Maybe go back and reread the comments on the ticket, then, since you are
overlooking something. The first comment on the ticket (by me) explains
where the problems are. In abbreviated form, certainly, but there's
little point putting a huge essay into a ticket comment. If somebody
wants more details they can ask nicely and I'll explain, as has happened
here. The only reason I didn't wontfix it immediately when I wrote that
comment was because there was a documentation update I wanted to make.

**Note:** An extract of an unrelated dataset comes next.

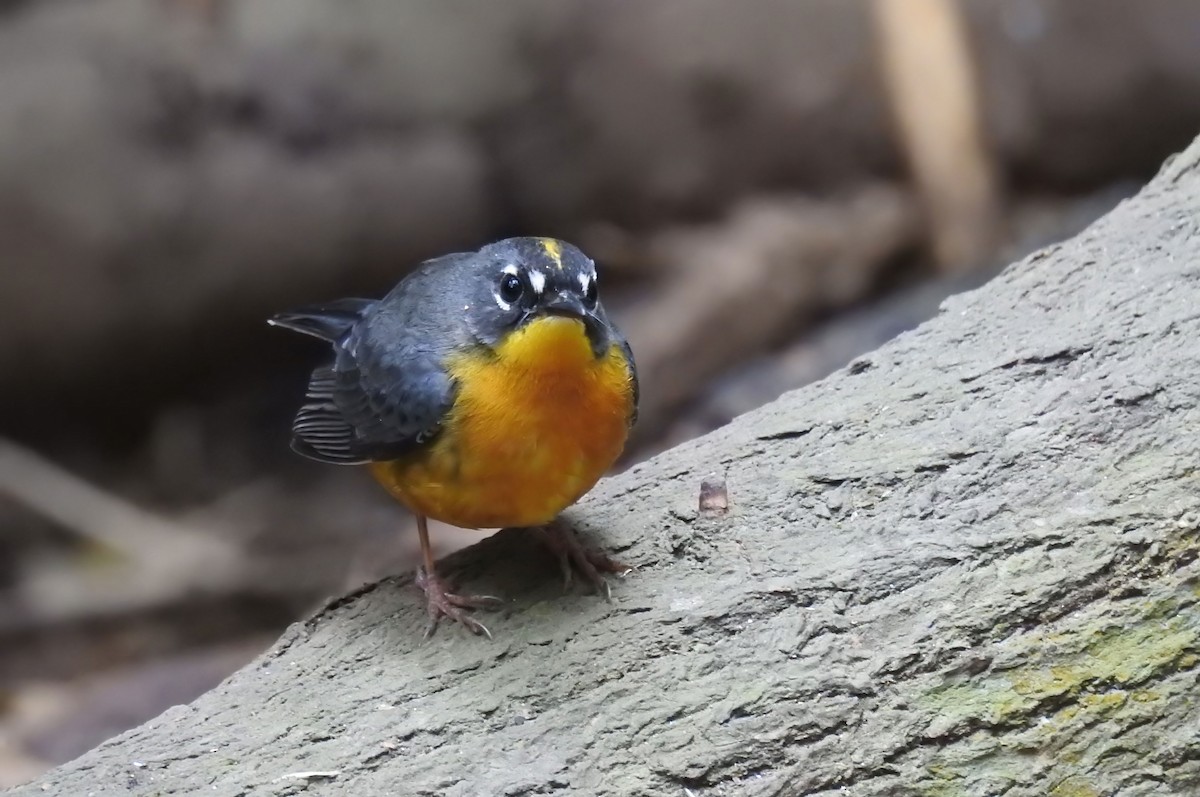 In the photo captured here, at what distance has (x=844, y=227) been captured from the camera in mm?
8016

I'm sorry that the resolution means you might have to rewrite some code,
because we do generally (and in this case in particular) put a lot of
effort, as developers, into causing the minimum amount of disruption and
inconvenience possible and you've just gotten unlucky in this
particular. However, the changes to reverse were necessary to fix some
bugs and avoid the introduction of others and were definitely not made
in haste. It also doesn't actually make any particular piece of
functionality impossible; you have to "spell" things a little
differently, but that's true with a lot of the porting process to Django
1.0. As noted, the previous behaviour only really worked by accident and
the current implementation provides a clear exception message when the
problem appears.
To end with some potential good news: you've missed a third solution to
your particular problem. If Django's builtin reverse() function and url
tag don't do what you want, write and use your own versions. They will
work for your particular situations and you will know their limitations
and what you can and can't do with them. Writing a url2 tag and doing a
global url -> url2 search-and-replace over your templates isn't going to
be a huge time sink. Django's url tag (more particularly, the reverse()

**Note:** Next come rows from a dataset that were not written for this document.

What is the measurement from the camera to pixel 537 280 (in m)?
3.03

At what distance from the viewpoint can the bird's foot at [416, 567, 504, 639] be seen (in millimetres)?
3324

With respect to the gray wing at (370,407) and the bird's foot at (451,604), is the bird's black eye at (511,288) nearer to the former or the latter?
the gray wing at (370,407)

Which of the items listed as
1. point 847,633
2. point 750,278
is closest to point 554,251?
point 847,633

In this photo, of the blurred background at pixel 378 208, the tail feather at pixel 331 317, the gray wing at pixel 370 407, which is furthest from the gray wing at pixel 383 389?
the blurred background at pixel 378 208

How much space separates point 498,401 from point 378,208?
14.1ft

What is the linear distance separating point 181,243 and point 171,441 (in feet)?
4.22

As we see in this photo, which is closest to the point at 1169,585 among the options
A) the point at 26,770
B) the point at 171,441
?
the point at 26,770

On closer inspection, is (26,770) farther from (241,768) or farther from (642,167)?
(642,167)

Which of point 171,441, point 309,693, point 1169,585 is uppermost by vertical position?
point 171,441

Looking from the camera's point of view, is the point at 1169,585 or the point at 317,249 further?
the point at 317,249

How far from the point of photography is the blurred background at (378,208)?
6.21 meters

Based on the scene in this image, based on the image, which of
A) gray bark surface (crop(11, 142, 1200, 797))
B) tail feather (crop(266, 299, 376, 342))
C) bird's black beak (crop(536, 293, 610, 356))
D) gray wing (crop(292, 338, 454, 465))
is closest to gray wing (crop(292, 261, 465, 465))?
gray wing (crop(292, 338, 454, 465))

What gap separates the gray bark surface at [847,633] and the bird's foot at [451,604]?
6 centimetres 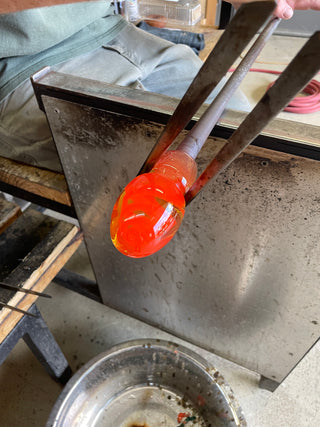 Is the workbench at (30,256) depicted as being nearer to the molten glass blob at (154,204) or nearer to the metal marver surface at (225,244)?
the metal marver surface at (225,244)

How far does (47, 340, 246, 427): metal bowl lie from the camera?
2.34ft

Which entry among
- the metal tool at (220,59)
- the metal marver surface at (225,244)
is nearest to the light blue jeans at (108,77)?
the metal marver surface at (225,244)

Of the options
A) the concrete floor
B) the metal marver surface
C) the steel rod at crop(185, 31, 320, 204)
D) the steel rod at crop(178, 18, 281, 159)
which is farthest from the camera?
the concrete floor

function) has to satisfy some particular requirements and every set of
requirements carries with it a constraints. If those constraints are too
restrictive for you, you can replace them with your own version with
it's own constraints quite easily. It just isn't appropriate for the
general case that Django's core is targeting.
In short, the decision was deliberate and neither lazy nor
short-sighted. It's not imposing a restriction on what you can do with
reverse() and if you prefer a different style of code, Django doesn't
require you to use the builtin reverse() or template tag. And... hey...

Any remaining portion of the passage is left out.